Are you interested in details of the draft bill that Luxembourg presented to the parliament and that implements the Anti Tax Avoidance Directive 1 (ATAD I) in national legislation? Would you like to find out more about the circular on the direct taxation regime of virtual currencies? Read the news from international taxation.
Luxembourg submits draft bill to implement ATAD I to parliament
The draft bill that would implement the EU Anti-Tax Avoidance Directive (ATAD I) into Luxembourg’s domestic law, as well as some unrelated measures, was published on 20 June 2018. The ATAD I, which is part of the anti-tax avoidance package presented by the European Commission in 2016, aims to provide a minimum level of protection for the internal market and ensures a harmonised and coordinated approach in the EU to the implementation of some of the recommendations under the OECD base erosion and profit sharing (BEPS) project. The draft law now must go through Luxembourg’s legislative process where parliament will debate, possibly amend and ultimately vote on the proposed measures. If enacted, the measures would apply as from fiscal years starting on or after 1 January 2019, except for the proposed exit taxation rules, which would apply as from fiscal years starting on or after 1 January 2020.
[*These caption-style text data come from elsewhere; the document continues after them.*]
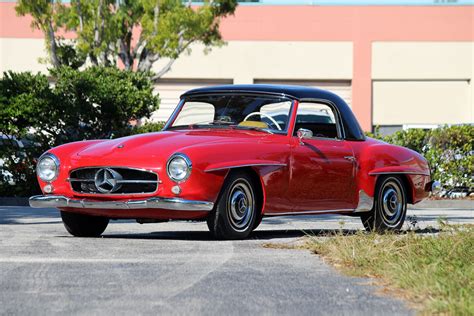 Palm Beach Classics 1955 Mercedes 190sl0002 Palm Beach Classics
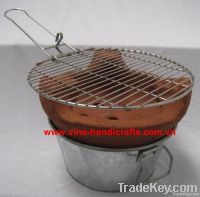 Charcoal BBQ grill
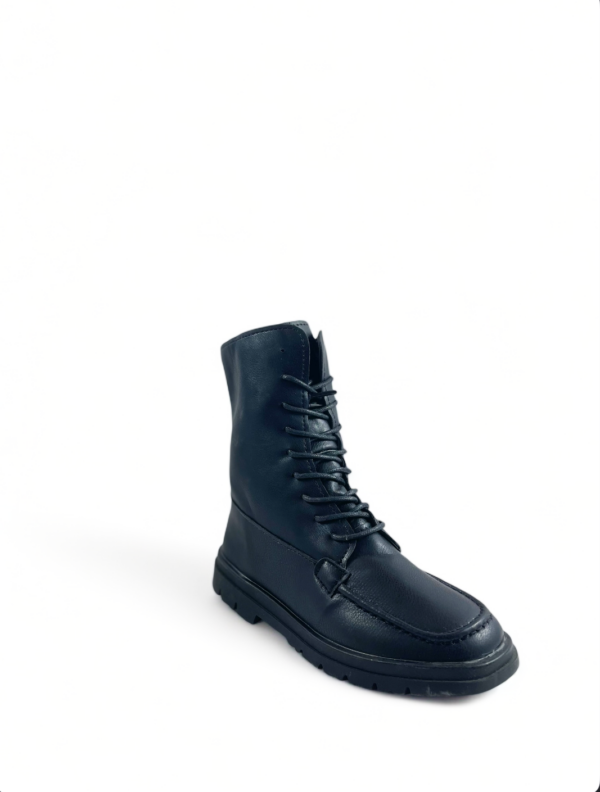 Bottines à lacets Noir SHEIN – Image 3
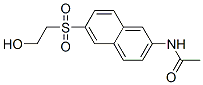CAS 登录号：82199-06-2， N-(6-((2-羟基乙基)磺酰基)-2-萘基)-乙酰胺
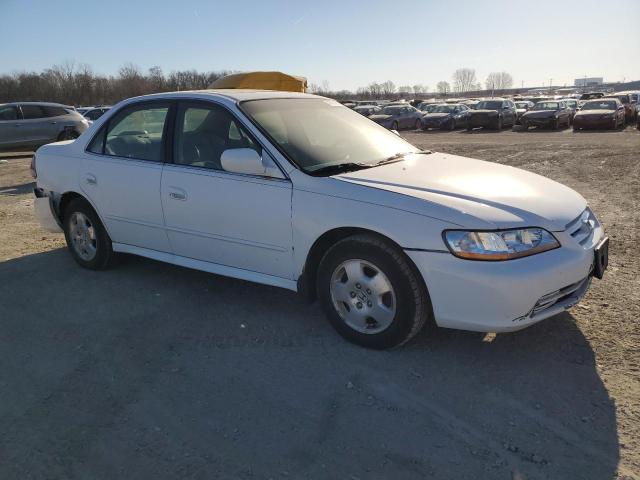 1HGCG16552A031258 - 2002 HONDA ACCORD EX WHITE photo 4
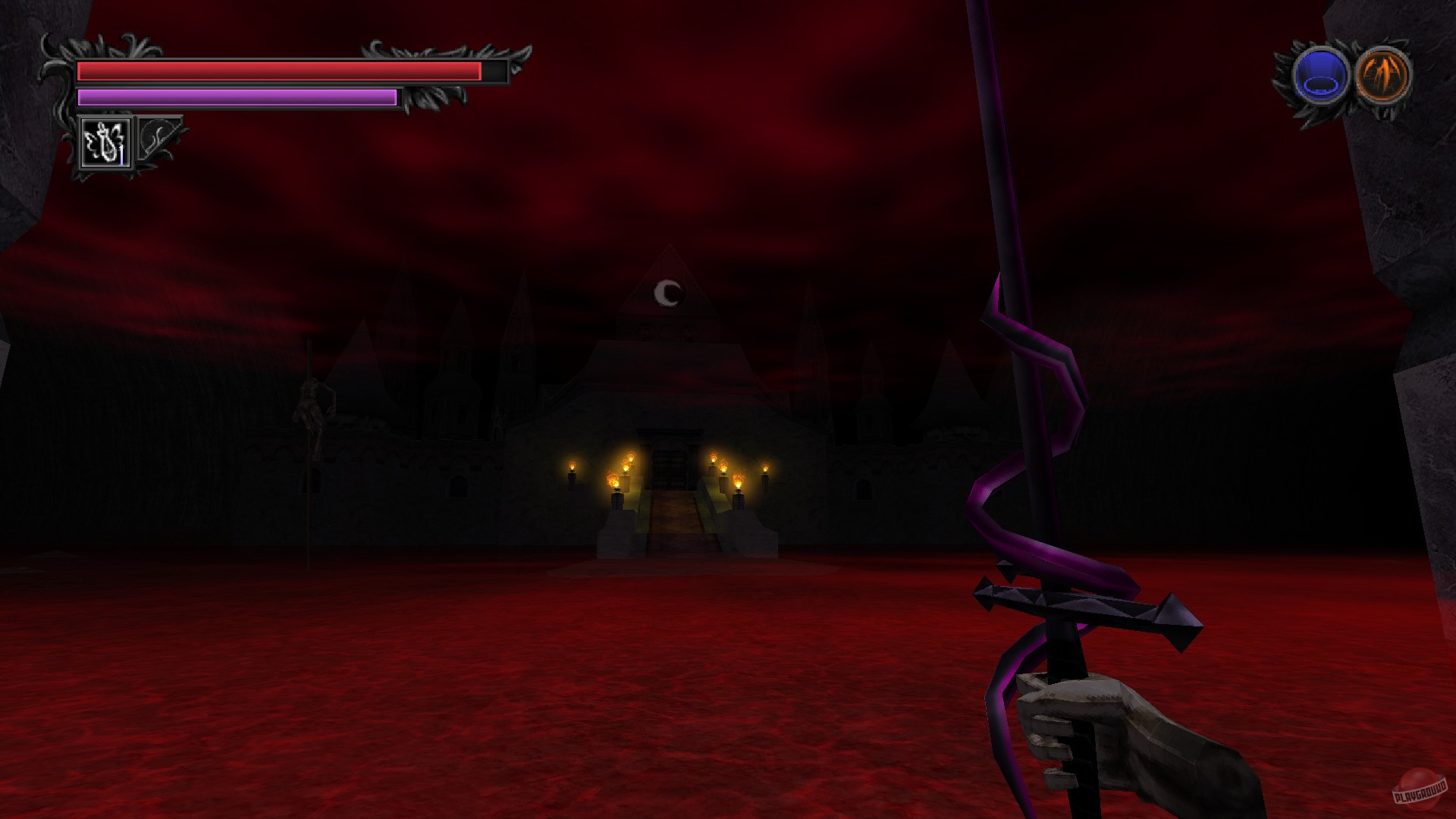 Скриншот из игры Lunacid - 11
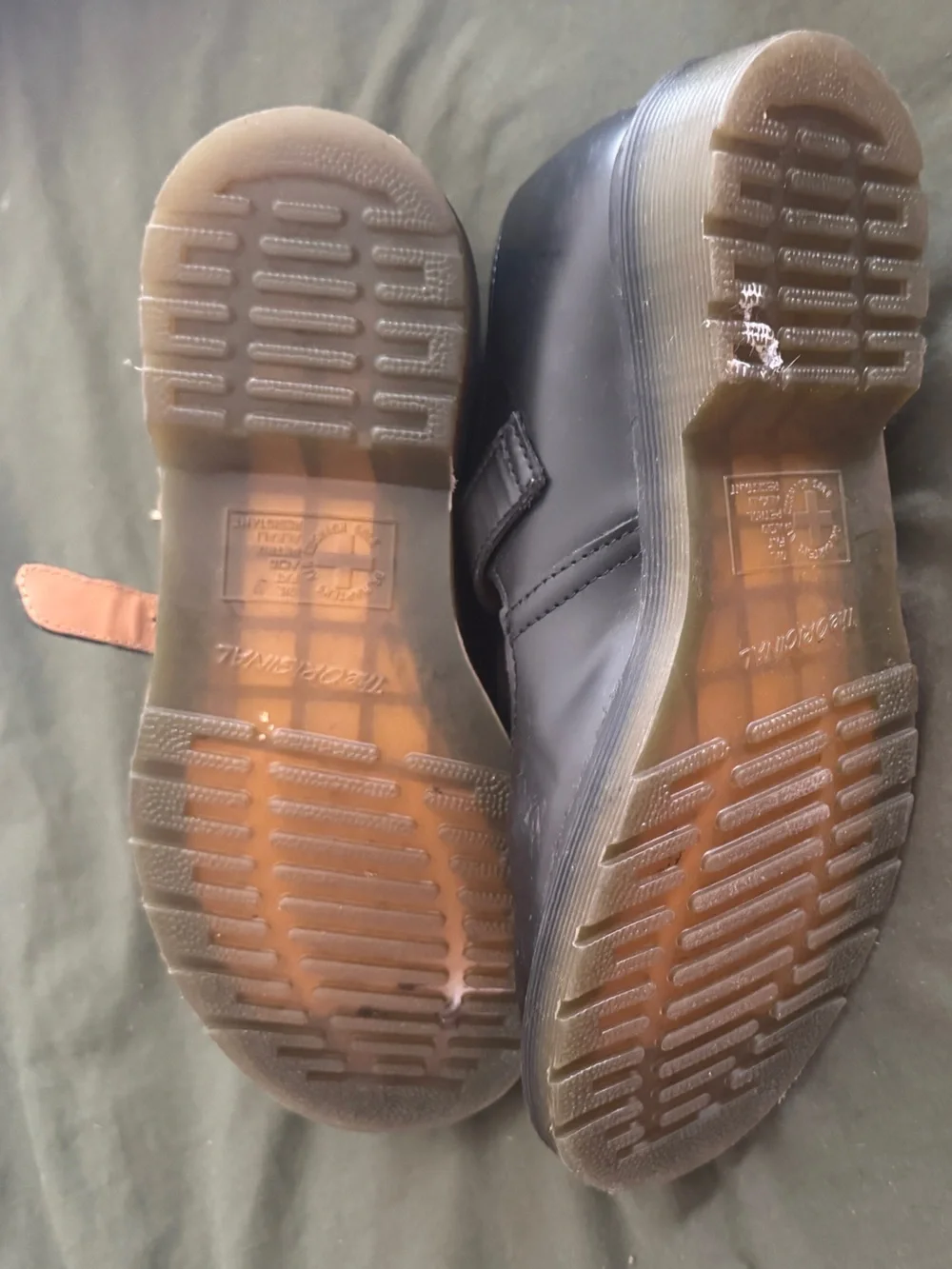Doc Martens Polley Mary Janes Smooth Leather - Picture 3 of 4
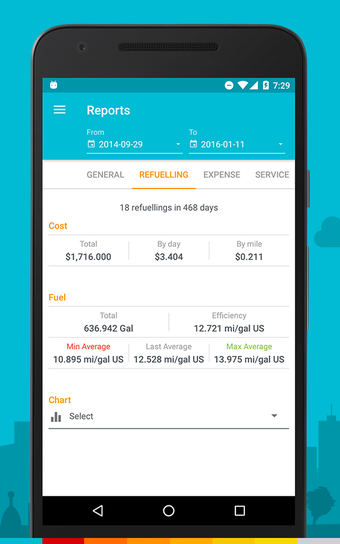 Imagen 1 para Drivvo - Car management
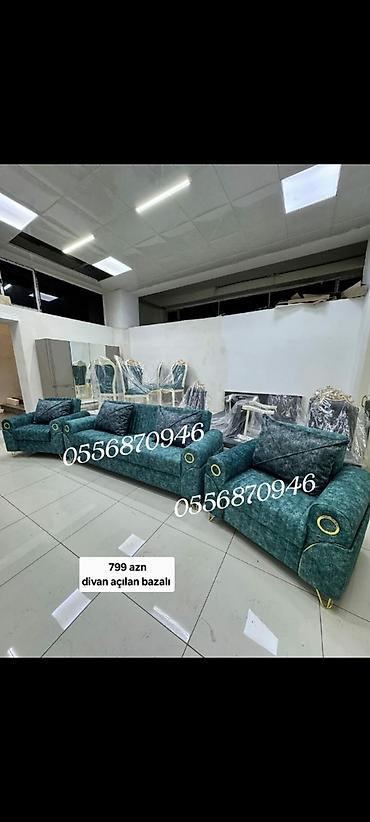 Divanlar: Di̇van-kravat, Yeni, Açılan, Bazalı, Parça, Ödənişli çatdırılma — 6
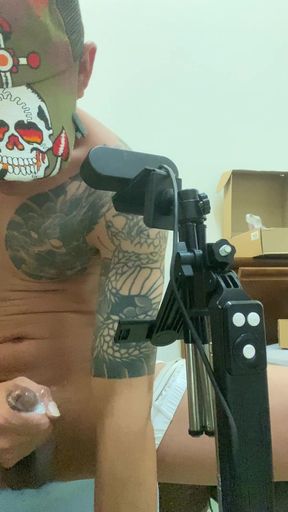 Ejaculation on a sexy thong Do you want to buy original panties?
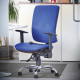 Senza Bespoke Ergonomic 24 Hour High Back Fabric Chair
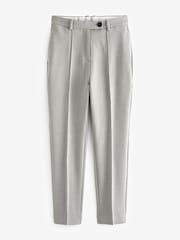 Grey Sculpting Slim Leg Trousers - Image 6 of 7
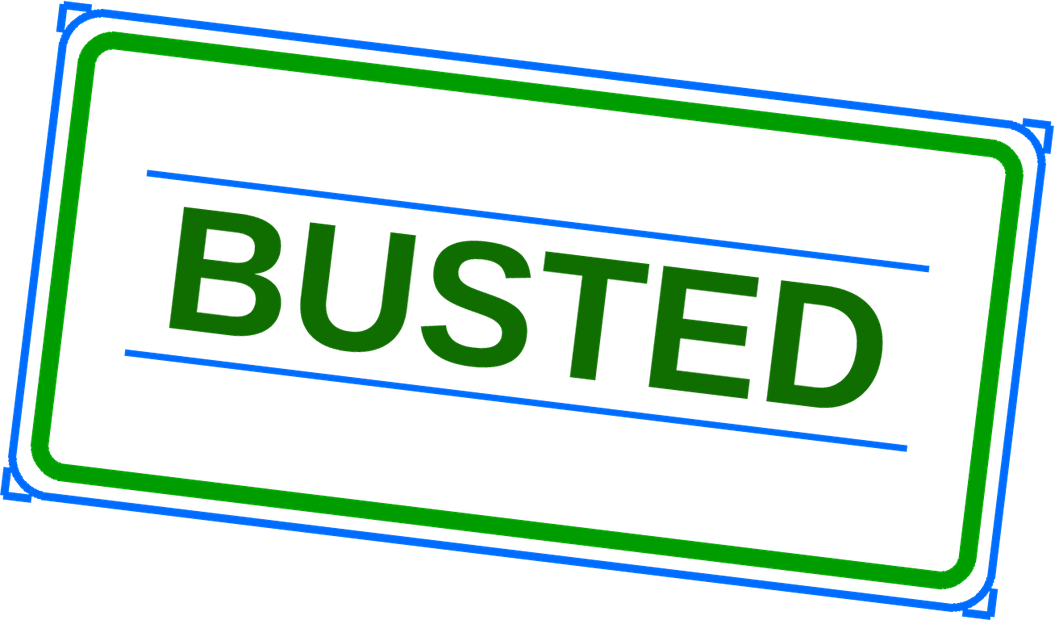 "Busted"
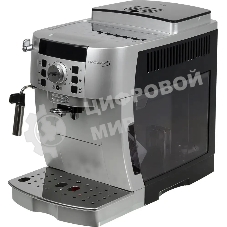 Кофемашина автоматическая DeLonghi ECAM 22.110.SB серебристый, исп. кофе - молотый/зерновой, 1.8 л, 1450 Вт, 15 Бар.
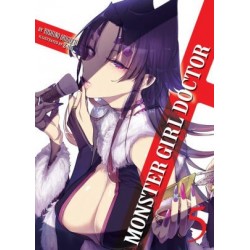 Monster Girl Doctor Novel V05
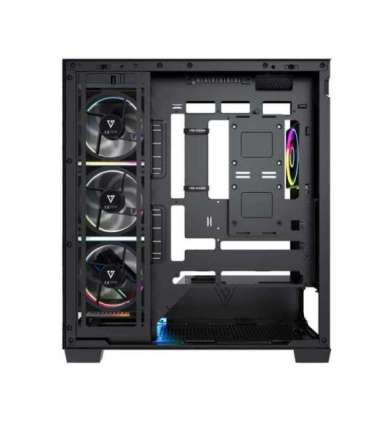 MODECOM VOLCANO STELLAR PLUS ARGB MIDI 5F BLACK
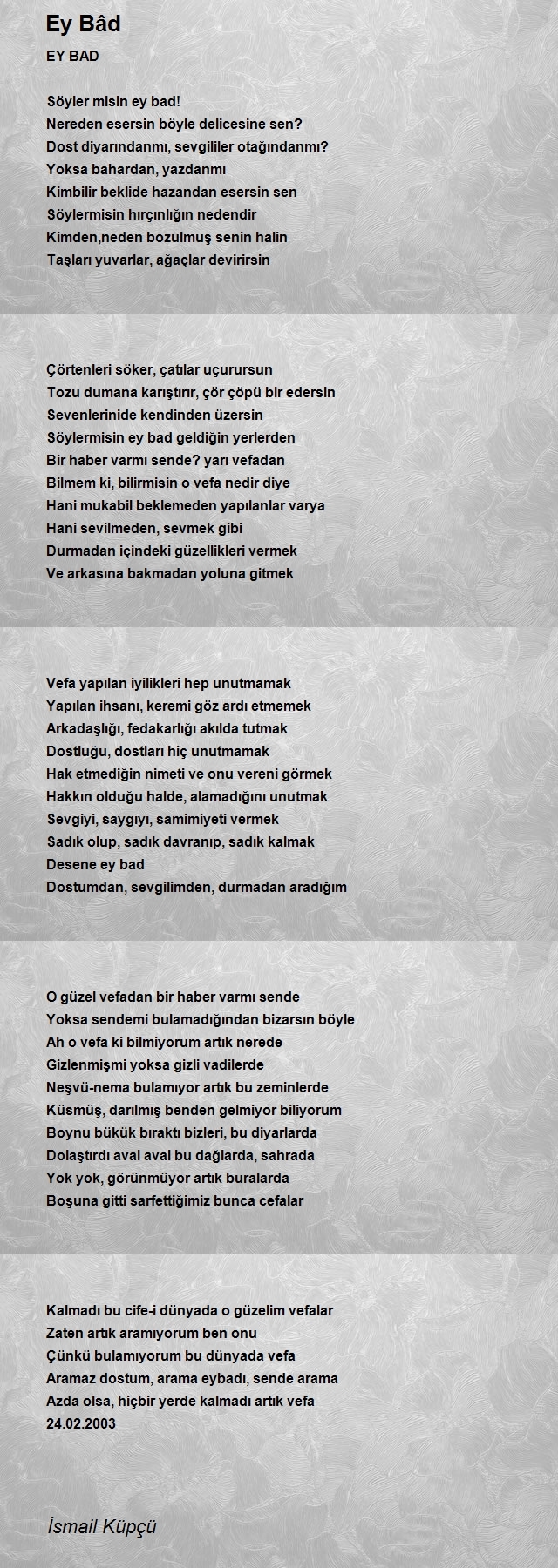 İsmail Küpçü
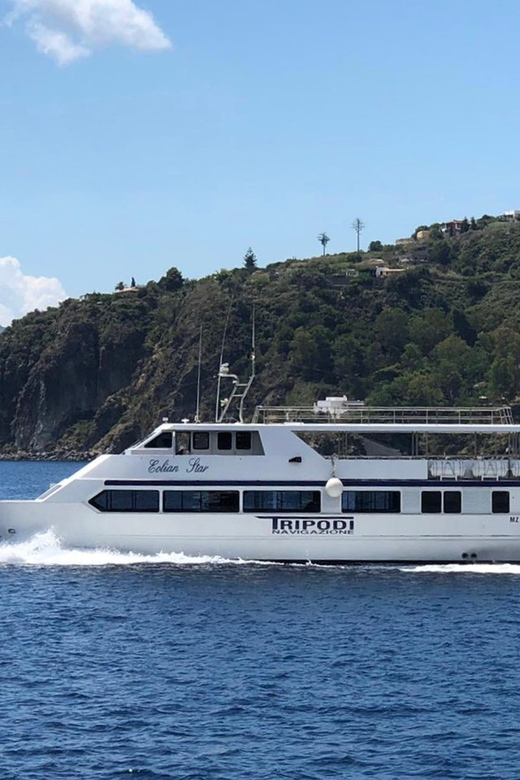 Tropea: Panarea and Stromboli at Night Boat Trip - What to bring and how to manage the day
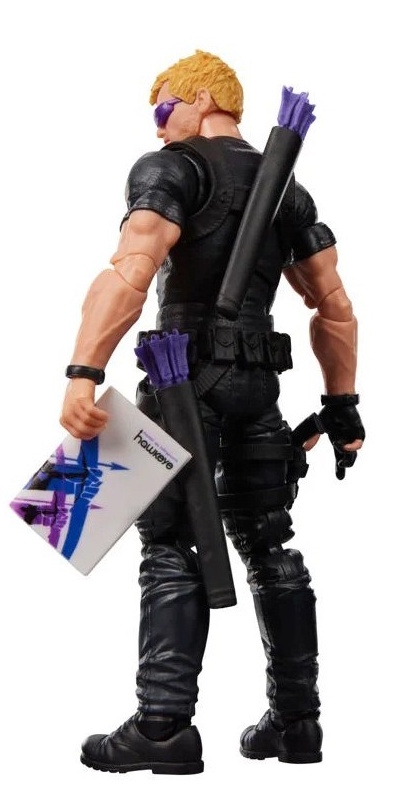 HAWKEYE FIGURA 15 CM HAWKEYE MARVEL LEGENDS SERIES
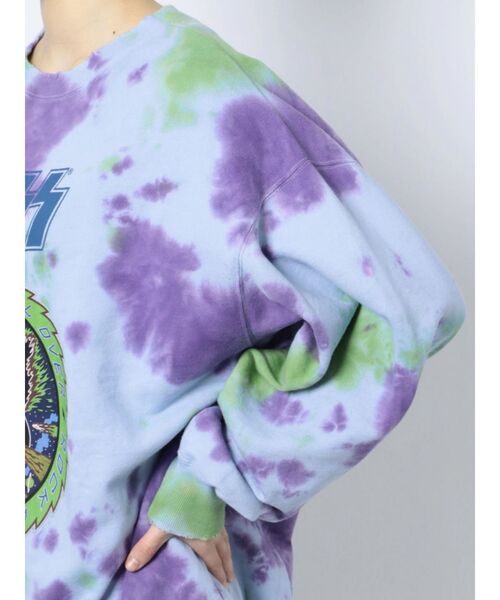 jouetie（ジュエティ）の「KISS ダメージプルオーバー【コラボ】（スウェット・レディース・ブラック/レッド/その他1・MEDIUM）」の20枚目の写真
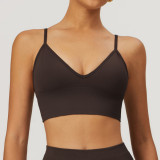 Summer Quick-drying Fitness Seamless High Quality Sports Bra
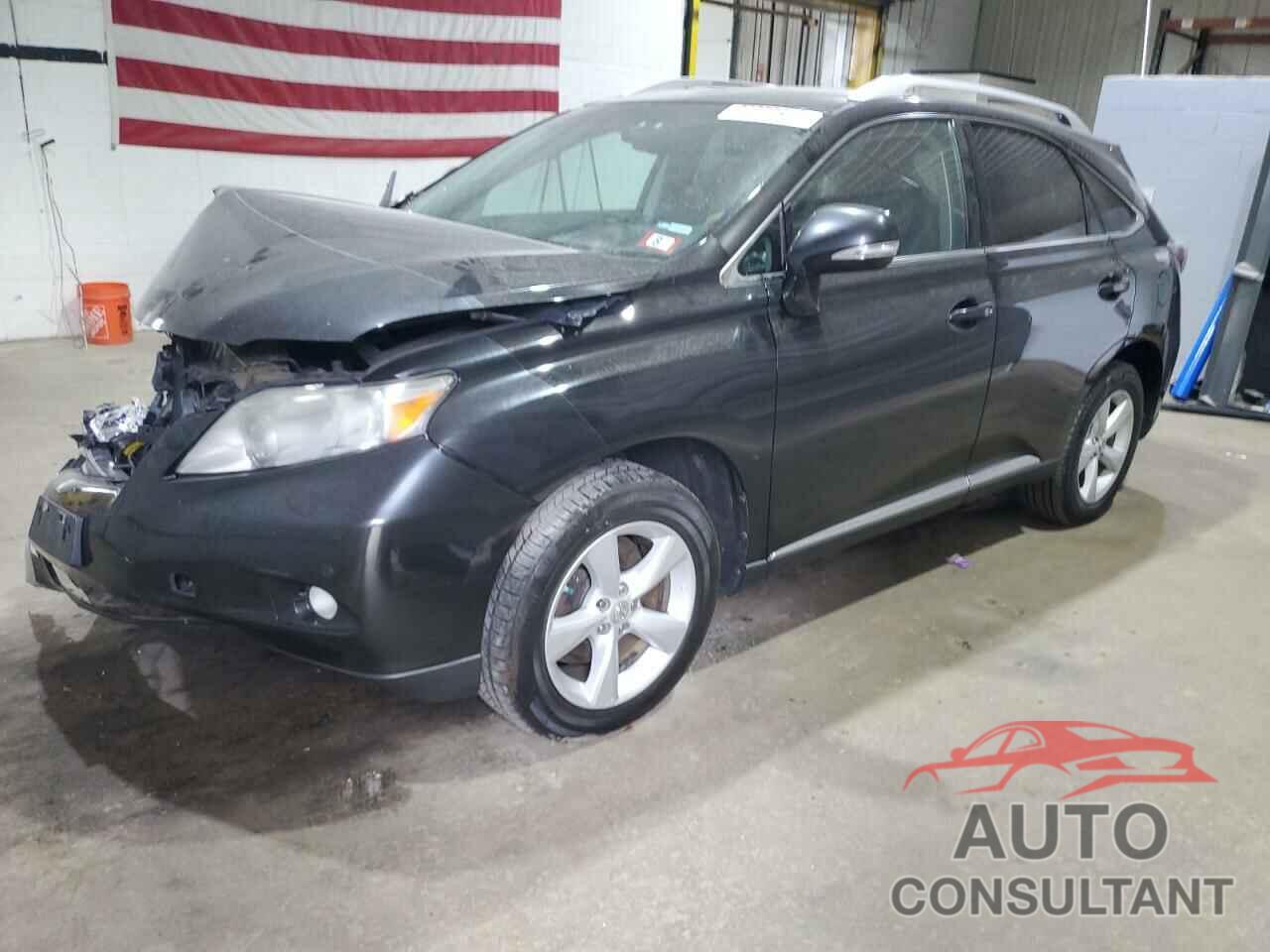 LEXUS RX350 2012 - 2T2BK1BA9CC137619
Luxembourg tax authorities clarify treatment of virtual currency
The Luxembourg tax authorities released a circular on 26 July 2018 that addresses the direct tax treatment of virtual currency, particularly income generated through the creation or disposal of cryptocurrency. Income derived from a cryptocurrency will be considered “commercial income” where it falls within the definition of such income under article 14 of the Income Tax Law. This typically would be the case for the mining of virtual currency, or the operation of an online stock exchange or vending machines with virtual currencies. Operating expenses, such as costs of electricity related to virtual currency mining or conversion fees of virtual currency exchange platforms, are deductible only if the expenses were incurred exclusively by the enterprise and they are not related to any tax-exempt income. The same applies to the depreciation of computer infrastructure. In the absence of a commercial enterprise, it must be determined whether income derived through virtual currency falls within the category of other income in article 99 of the Income Tax Law. This can be the case, for example, where a mining activity does not fulfil all the criteria to qualify as a commercial undertaking in Luxembourg.